◆ Collected data:
+---+
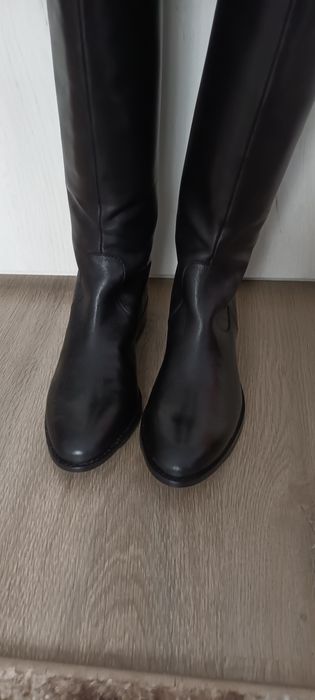 Cizme piele naturală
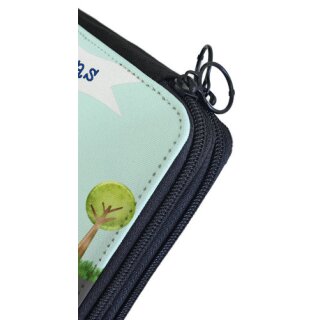 Kinder Federmäppchen Polizei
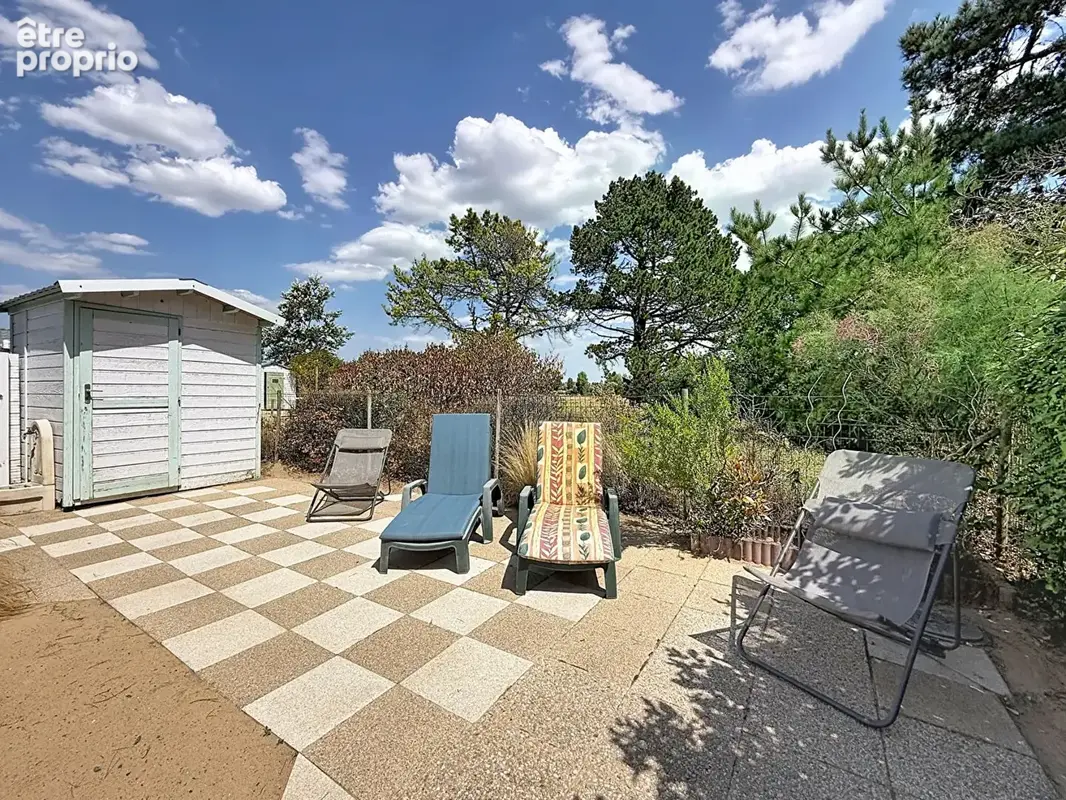 St Hilaire de Riez - 28m² dans PRL ouvert à l'année. - photo 10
+---+
Without the pictures, write out all of the material exactly.

 Cizme piele naturală
 Kinder Federmäppchen Polizei
 St Hilaire de Riez - 28m² dans PRL ouvert à l'année. - photo 10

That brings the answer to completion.